The Squid and the Whale (2005)

A rough sketch of director Noah Baumbach’s childhood, “The Squid and the Whale” elegantly depicts the conflicted angst and traumas of children growing up in an intelligent, well-off, but completely dysfunctional family. Typically, films about familial implosion depict strictly internal affairs.  Baumbach eschews this for the expected melodrama of the genre.  Despite living in a state of continual self-destruction and conflict, Baumbach’s characters prove reluctant to admit their own problems. They feel that their wealth and intellect forbids such levels of tension and pain. This introspection drives their demons under the skin where they can run rampant. As the film chugs along – slowly and always with the stretched and tired air of denial – these bottled terrors manifest themselves in moments that are painful, humorous, and harrowing; always masochistically ignorant and self-aware. It may be a sad magic to work, but in expressing the family’s hidden and shameful angst, Baumbach’s film strikes a chord with all who ever felt tortured growing up but always felt rather childish for feeling as such.

Superbad (2007)

As unforgivably raunchy as they may be, writers Seth Rogen and Evan Goldberg are at least honest folk.

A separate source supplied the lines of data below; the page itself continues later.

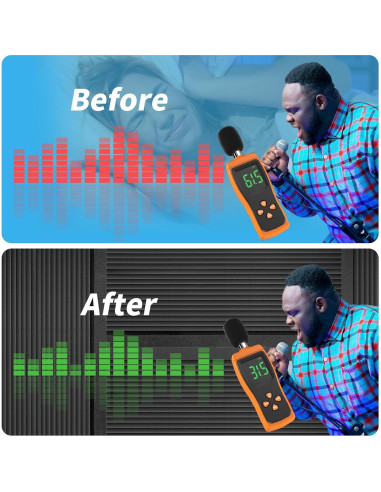 Paneles Acústicos Art3d de Espuma Negra - 4 Piezas 121.92x60.96x5.08 cm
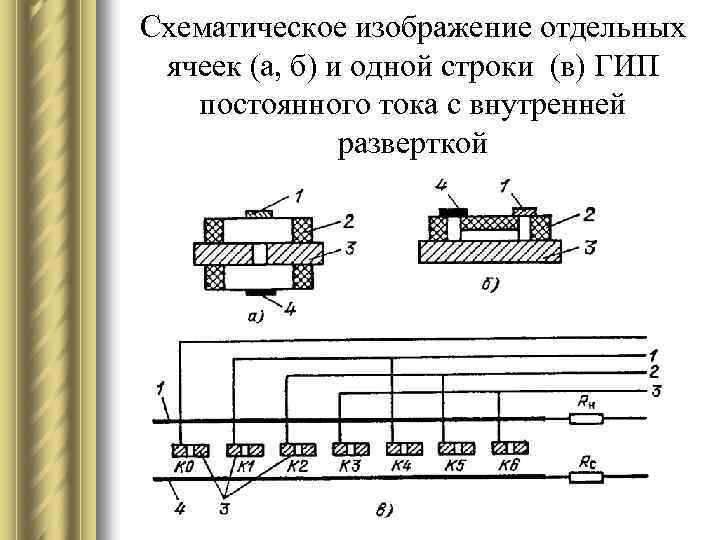 Схематическое изображение отдельных ячеек (а, б) и одной строки (в) ГИП постоянного тока с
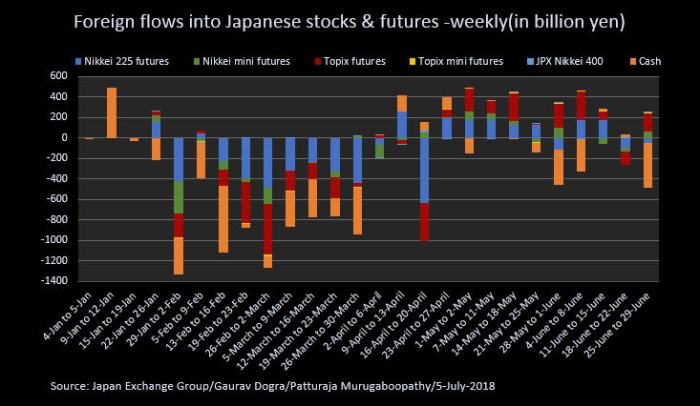 Foreign Flows into Japanese market.jpeg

Their story of two youths (unabashedly named Seth and Evan, a nod to the autobiography inherent in all of this) nearing the end of high school and meandering about town in search of alcohol (ostensibly—but really, just anything) is unrepentantly true to life. Rogen and Goldberg magnify the crude and misperceived notions of adolescence into such a grotesque and burlesque form that they become less painfully awkward and more unbelievably hilarious. By the grace of director Greg Mottola (of “Adventureland”), the film acquires the punch and the continuity to tie together all of the obscenities and absurdities.  In its finished form, “Superbad” may remain affronting and abrasive, but such is the lost and confusing period of youth in which the two characters live, trying to justify their high school years.  Smarmy though it is, the conclusion is natural and satisfying, and affords the characters maturity and dignity and the viewer pleasant nostalgia.  Who can’t relate?

Leon (1994)

Director Luc Besson takes the quest to maturity and peace with life in some truly twisted, endearing turns in “Leon” (“The Professional” to most American audiences). Besson zeros in on two forsaken individuals – an isolated, illiterate, and generally cold hitman (Jean Reno) and the street-smart orphan of a drug dealer (Natalie Portman). By thrusting these two souls together, Besson takes the opportunity to examine compassion  and its ability to destroy all that is despicable and redirect all that is heroic. Make no mistake, though, this is a story of mutual redemption, but it is not without its disconcerting hitches.   Reno’s contemplation of putting Portman out of her misery and Portman’s inappropriate mistake of a fatherly bond for a romantic bond, serve to complicate the development and make it somehow more plausible in its gruffness. As usual, Besson (“The Fifth Element,” “Nikita”) operates with such precision that he creates an alternate universe in New York in which all of this, all the debauchery and all the corruption, all the love and all the redemption, is not just romantic, but is indeed heroic. The coming of age here is bought at a high price, but it is amazingly thorough and enchanting for it.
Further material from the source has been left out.